§ Exercise brief: Pictures are not part of the copy; reproduce the remaining data exactly.

§ Supplied data:
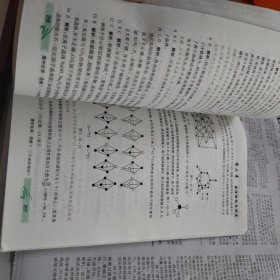 高中化学：选修3（人教实验版）（2010.4月印刷）/倍速学习法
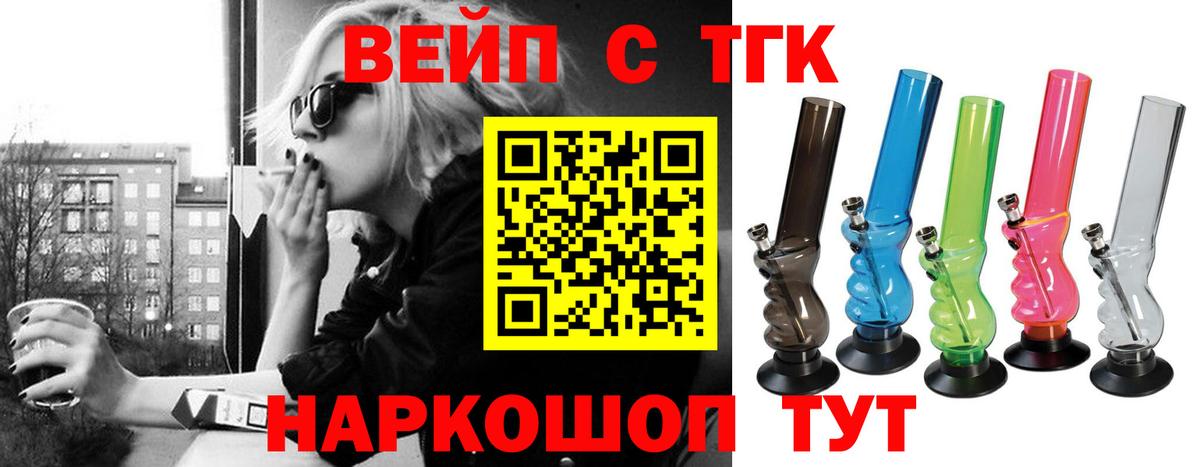 Дистиллят ТГК гашишное масло  Вход с VPN  что такое   Павлово 
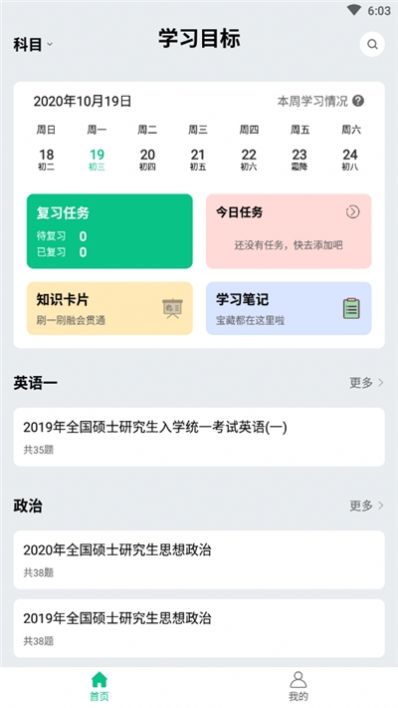 酷题斩app官方版下载图片1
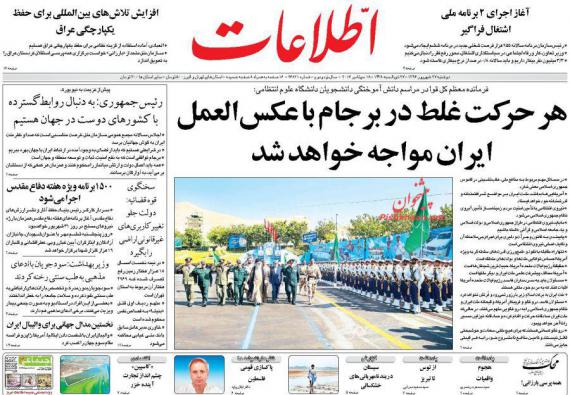 روزنامه,صفحه نخست روزنامه ها,روزنامه های 27 شهریور,shabnamha.ir,شبنم همدان,afkl ih,شبنم ها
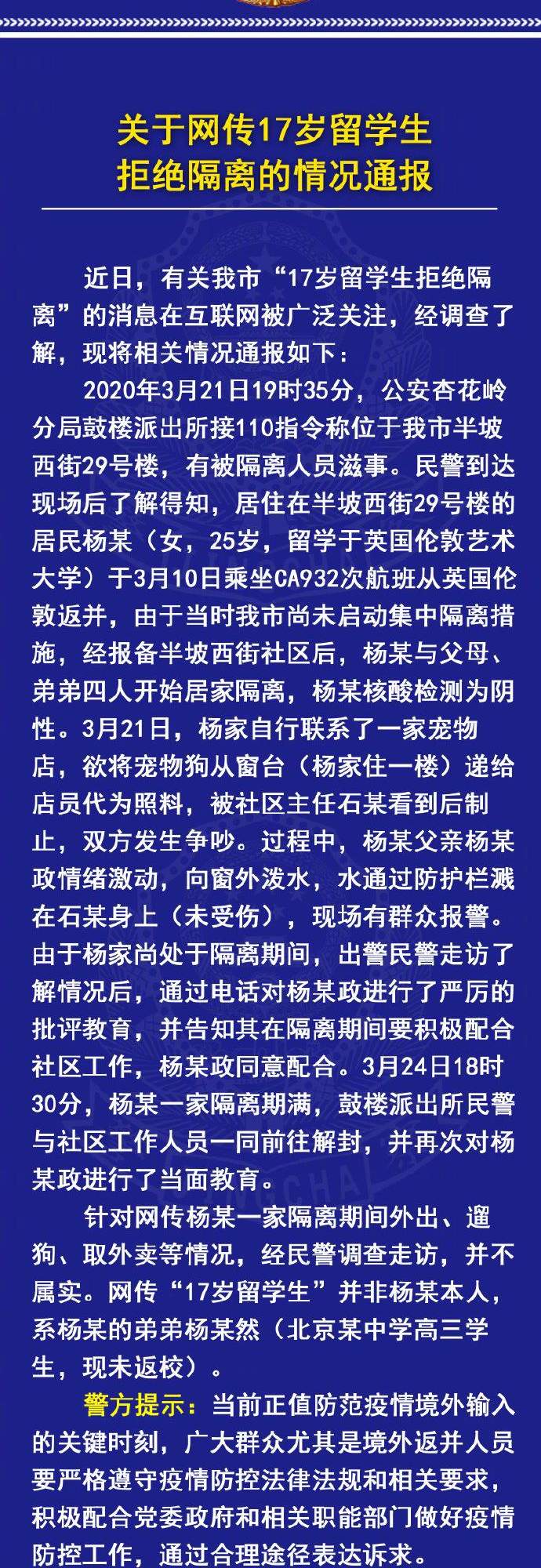 剧情反转了！网传“17岁留学生拒隔离还泼水”后续，警方曝光真相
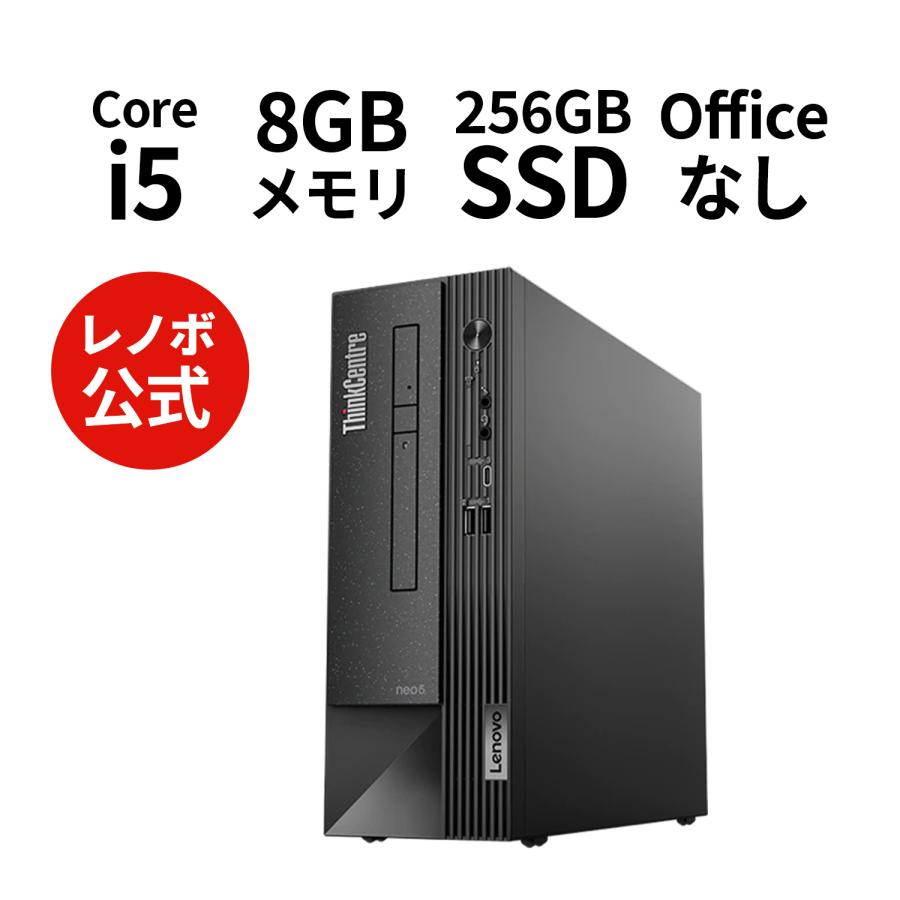 Lenovo デスクトップパソコン ThinkCentre Neo 50s Small Gen 3：Core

§ Written answer:
 高中化学：选修3（人教实验版）（2010.4月印刷）/倍速学习法
 Дистиллят ТГК гашишное масло  Вход с VPN  что такое   Павлово 
 酷题斩app官方版下载图片1
 روزنامه,صفحه نخست روزنامه ها,روزنامه های 27 شهریور,shabnamha.ir,شبنم همدان,afkl ih,شبنم ها
 剧情反转了！网传“17岁留学生拒隔离还泼水”后续，警方曝光真相
 Lenovo デスクトップパソコン ThinkCentre Neo 50s Small Gen 3：Core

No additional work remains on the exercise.